Também terão o patrimônio bloqueado o ex-secretário-adjunto Jean Estevam Campos Oliveira, o ex-assessor especial da Setas, Rodrigo de Marchi, e outros servidores e empresários suspeitos de participação no esquema de fraude como Joeldes Lazzari Lemes, Nilson da Costa e Faria, Vanessa Rosin Figueiredo, Sivaldo Antônio da Silva, Karen Rubin, Jesus Onofre da Silva, Edvaldo de Paiva, Aroldo Portela da Silva, Ricardo Mário Ceccarelli, Wagner Ferreira de Vasconcelos e Evandro Gustavo Pontes da Silva, este último empresário e ex-presidente do DAE (Departamento de Água e Esgoto de Várzea Grande).

Ainda foi autorizado o bloqueio de bens das empresas e institutos suspeitos de integrarem o esquema fraudulento que são Mathice – Seleção e Agenciamento de Mão de Obra Ltda., Casa Lotérica São Benedito, Lotérica Mega Ponto Ltda., Lotérica Três Américas e o Instituto Concluir. O Ministério Público Estadual (MPE) aditou a ação civil pública e requereu que não fosse bloqueado o patrimônio do empresário Paulo Lemes, pois o mesmo firmou termo de colaboração premiada e devolveu antecipadamente o dinheiro desviado das fraudes aos cofres públicos. No entanto, a magistrada também determinou bloqueio dos bens dele em R$ 241,381 mil.

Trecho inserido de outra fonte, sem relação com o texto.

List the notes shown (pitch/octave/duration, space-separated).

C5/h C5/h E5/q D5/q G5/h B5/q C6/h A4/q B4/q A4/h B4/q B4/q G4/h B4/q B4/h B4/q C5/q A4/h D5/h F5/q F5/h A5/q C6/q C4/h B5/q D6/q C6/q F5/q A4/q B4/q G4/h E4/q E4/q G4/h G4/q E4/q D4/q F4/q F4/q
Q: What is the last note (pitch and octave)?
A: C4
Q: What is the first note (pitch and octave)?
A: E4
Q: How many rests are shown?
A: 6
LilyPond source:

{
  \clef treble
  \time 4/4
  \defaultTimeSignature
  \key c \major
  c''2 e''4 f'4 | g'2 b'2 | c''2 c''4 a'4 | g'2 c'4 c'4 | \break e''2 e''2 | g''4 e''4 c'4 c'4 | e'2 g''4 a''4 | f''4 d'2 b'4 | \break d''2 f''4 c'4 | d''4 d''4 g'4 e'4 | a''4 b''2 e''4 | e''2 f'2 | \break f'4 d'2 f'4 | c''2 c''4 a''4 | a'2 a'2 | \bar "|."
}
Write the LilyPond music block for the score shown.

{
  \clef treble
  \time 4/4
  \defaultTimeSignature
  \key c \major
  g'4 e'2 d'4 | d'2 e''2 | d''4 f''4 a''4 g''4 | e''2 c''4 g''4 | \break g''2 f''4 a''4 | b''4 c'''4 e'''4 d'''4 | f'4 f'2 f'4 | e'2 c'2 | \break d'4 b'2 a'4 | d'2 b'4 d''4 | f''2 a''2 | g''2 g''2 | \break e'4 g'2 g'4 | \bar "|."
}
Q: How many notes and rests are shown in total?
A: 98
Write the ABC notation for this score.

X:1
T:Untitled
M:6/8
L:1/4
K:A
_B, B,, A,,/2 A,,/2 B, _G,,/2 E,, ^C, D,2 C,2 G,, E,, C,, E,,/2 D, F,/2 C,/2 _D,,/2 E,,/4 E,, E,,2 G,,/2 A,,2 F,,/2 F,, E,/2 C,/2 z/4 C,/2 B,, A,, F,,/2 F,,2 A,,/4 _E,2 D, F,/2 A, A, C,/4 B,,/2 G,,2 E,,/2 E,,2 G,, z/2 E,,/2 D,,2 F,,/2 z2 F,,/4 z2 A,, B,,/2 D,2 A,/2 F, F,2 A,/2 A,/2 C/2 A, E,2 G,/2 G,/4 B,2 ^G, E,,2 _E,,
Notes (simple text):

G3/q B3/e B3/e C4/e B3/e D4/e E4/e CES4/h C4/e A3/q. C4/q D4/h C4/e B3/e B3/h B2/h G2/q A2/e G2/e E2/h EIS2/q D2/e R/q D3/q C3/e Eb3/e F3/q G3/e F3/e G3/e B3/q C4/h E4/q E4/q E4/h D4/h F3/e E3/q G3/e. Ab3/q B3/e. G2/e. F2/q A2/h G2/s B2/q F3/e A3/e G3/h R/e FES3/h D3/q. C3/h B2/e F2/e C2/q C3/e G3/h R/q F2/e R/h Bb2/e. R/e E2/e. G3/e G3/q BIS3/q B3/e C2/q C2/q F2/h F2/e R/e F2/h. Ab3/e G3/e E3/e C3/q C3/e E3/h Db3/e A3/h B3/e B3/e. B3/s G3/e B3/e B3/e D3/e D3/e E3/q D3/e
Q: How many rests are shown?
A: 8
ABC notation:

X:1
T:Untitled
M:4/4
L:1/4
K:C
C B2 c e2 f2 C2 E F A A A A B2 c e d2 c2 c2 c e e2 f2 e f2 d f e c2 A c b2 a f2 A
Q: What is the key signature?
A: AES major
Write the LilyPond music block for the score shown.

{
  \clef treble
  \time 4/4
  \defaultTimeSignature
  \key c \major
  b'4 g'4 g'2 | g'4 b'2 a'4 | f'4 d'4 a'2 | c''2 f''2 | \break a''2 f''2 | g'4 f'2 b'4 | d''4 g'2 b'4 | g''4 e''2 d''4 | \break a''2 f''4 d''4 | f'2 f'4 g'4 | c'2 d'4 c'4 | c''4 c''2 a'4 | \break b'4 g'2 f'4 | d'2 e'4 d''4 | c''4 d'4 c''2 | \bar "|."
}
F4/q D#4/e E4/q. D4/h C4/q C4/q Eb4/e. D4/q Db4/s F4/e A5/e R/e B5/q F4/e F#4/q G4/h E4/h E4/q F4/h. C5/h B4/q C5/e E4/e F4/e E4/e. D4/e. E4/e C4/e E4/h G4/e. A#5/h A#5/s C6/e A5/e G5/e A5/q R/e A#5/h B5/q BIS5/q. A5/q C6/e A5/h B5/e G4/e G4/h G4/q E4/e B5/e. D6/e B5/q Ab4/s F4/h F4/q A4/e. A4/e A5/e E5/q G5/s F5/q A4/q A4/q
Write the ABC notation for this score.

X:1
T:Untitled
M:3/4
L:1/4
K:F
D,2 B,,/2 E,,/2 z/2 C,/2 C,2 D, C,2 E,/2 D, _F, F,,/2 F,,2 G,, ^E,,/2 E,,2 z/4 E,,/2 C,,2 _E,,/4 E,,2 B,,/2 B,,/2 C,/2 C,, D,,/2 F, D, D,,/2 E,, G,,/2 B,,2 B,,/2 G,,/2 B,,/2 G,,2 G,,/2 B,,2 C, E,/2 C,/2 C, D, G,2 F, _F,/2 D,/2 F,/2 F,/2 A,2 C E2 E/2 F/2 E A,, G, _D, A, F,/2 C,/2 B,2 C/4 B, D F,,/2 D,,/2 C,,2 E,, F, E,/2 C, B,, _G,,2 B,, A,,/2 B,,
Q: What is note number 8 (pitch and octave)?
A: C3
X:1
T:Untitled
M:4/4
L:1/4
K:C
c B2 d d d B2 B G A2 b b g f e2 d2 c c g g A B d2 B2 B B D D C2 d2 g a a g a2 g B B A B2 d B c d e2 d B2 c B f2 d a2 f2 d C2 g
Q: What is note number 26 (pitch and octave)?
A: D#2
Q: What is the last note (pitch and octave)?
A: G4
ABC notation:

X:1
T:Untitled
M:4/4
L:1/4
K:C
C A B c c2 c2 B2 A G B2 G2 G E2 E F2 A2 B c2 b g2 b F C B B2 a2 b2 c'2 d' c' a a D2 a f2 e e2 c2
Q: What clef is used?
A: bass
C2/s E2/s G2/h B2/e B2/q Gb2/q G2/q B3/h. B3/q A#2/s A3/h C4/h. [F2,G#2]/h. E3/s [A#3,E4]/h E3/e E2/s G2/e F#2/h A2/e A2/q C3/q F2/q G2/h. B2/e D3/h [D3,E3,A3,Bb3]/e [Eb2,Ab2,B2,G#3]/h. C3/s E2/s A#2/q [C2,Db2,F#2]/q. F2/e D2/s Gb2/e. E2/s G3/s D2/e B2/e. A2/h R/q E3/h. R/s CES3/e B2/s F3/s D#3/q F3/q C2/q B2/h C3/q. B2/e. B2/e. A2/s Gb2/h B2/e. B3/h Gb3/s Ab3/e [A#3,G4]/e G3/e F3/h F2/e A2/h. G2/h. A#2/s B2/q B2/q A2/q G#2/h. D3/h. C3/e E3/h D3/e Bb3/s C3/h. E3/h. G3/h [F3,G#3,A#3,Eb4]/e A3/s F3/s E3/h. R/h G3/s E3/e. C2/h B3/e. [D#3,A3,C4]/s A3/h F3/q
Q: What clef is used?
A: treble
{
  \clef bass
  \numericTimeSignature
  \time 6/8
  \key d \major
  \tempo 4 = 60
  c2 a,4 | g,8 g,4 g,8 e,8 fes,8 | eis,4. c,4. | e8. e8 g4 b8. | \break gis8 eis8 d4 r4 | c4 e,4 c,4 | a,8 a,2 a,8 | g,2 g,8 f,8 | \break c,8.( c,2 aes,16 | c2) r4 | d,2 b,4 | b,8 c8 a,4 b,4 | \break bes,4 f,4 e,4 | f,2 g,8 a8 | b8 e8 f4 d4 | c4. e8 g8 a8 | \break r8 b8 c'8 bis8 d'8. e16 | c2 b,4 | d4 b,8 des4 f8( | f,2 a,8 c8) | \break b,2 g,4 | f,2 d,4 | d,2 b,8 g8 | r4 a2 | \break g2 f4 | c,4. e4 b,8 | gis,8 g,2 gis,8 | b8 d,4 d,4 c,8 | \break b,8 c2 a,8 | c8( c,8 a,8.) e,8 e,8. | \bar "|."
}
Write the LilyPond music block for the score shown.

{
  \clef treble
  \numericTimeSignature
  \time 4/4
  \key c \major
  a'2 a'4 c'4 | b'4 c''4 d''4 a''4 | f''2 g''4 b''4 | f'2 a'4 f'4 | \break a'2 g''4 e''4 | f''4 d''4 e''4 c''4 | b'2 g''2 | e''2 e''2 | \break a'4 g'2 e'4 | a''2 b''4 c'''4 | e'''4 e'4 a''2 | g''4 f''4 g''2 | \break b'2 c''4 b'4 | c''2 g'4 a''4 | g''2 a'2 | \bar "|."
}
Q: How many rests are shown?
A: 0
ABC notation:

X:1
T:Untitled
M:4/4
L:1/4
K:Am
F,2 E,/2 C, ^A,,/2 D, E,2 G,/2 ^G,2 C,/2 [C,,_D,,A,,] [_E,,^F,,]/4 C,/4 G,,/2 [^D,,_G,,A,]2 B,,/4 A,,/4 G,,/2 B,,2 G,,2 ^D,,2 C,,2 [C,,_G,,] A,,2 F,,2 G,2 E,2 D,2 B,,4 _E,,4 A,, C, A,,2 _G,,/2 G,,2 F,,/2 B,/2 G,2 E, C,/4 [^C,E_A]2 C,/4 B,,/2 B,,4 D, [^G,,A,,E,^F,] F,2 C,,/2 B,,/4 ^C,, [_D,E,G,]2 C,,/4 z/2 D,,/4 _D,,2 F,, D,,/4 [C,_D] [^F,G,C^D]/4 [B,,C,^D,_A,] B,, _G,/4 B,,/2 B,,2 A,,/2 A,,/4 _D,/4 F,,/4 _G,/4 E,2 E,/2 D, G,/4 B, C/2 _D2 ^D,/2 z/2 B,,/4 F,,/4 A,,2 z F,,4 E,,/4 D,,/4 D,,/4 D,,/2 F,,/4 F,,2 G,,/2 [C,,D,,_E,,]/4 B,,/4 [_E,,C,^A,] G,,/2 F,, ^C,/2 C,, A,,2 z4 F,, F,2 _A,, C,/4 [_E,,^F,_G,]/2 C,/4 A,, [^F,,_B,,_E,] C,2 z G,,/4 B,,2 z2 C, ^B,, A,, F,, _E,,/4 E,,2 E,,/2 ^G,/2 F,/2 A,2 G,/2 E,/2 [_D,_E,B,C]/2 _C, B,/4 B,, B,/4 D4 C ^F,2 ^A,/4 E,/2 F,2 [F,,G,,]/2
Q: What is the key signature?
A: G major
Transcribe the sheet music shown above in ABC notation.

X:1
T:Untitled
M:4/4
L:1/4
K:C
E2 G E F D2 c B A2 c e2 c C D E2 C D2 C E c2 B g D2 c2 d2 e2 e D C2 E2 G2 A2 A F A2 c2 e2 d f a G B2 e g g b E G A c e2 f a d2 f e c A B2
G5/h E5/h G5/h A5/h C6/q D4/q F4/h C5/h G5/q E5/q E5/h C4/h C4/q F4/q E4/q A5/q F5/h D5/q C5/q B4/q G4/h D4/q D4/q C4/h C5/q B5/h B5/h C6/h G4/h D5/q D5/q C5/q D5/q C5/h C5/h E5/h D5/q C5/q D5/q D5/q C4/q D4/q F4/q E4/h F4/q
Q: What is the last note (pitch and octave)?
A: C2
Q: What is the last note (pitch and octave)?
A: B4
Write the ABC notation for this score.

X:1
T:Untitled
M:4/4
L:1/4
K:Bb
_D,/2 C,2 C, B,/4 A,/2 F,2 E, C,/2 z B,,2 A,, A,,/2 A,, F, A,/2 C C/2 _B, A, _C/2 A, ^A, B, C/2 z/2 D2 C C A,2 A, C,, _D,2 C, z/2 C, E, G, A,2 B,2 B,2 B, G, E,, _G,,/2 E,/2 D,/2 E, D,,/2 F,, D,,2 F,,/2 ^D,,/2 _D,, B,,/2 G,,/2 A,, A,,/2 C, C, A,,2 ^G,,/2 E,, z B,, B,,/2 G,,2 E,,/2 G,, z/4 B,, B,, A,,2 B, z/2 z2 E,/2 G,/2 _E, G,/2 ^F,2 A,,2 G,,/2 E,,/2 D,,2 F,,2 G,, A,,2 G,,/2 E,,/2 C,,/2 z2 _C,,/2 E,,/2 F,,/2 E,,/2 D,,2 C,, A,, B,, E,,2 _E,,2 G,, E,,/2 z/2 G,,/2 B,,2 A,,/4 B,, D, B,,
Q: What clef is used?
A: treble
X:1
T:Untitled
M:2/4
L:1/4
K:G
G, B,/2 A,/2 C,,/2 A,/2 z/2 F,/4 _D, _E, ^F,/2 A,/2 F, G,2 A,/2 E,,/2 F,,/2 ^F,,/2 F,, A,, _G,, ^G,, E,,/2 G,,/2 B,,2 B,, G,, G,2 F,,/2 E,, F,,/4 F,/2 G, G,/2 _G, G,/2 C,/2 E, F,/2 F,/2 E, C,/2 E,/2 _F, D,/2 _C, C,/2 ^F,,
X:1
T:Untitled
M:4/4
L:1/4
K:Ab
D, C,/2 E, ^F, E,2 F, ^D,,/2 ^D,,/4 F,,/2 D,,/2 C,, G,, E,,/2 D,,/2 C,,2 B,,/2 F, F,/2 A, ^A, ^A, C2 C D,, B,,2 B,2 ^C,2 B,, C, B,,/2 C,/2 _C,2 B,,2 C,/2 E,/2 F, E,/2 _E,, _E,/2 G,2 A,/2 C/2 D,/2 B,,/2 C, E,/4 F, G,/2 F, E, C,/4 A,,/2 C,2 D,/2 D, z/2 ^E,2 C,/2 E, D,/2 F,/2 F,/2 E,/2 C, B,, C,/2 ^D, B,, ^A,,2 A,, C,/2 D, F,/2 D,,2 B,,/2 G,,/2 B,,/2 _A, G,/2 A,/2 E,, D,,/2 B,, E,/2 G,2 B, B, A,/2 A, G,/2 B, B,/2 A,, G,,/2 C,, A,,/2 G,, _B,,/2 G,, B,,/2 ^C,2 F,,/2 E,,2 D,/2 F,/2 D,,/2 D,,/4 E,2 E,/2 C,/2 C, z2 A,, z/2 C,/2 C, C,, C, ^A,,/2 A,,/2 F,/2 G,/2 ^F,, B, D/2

Ainda estão em andamento outras cinco ações civis públicas que requerem o bloqueio de patrimônio dos acusados de fraude na Setas enquanto Roseli Barbosa exerceu a função de secretária de Estado. As investigações da operação Arqueiro começaram após divulgação de apostilas com erros grotescos que estavam sendo utilizadas nos cursos de capacitação em hotelaria e turismo promovidos pelo governo do Estado. 

Conforme o Ministério Público, servidores da Secretaria de Assistência Social e organizações sem fins lucrativos teriam formado um conluio para fraudar licitações e convênios do governo. Os suspeitos foram denunciados por constituição de organização criminosa, corrupção, peculato, lavagem de dinheiro, uso de documento falso e outros crimes.

Em agosto de 2015, a ex-primeira-dama Roseli Barbosa chegou a ser presa preventivamente na segunda fase da operação policial denominada de Ouro de Tolo. Uma semana depois, foi liberada após obter habeas corpus no STJ (Superior Tribunal de Justiça). Além dela, foram presos Rodrigo de Marchi, o empresário Nilson da Costa e Farias e o ex-chefe de gabinete do ex-governador Silval Barbosa, Sílvio César Correa de Araújo.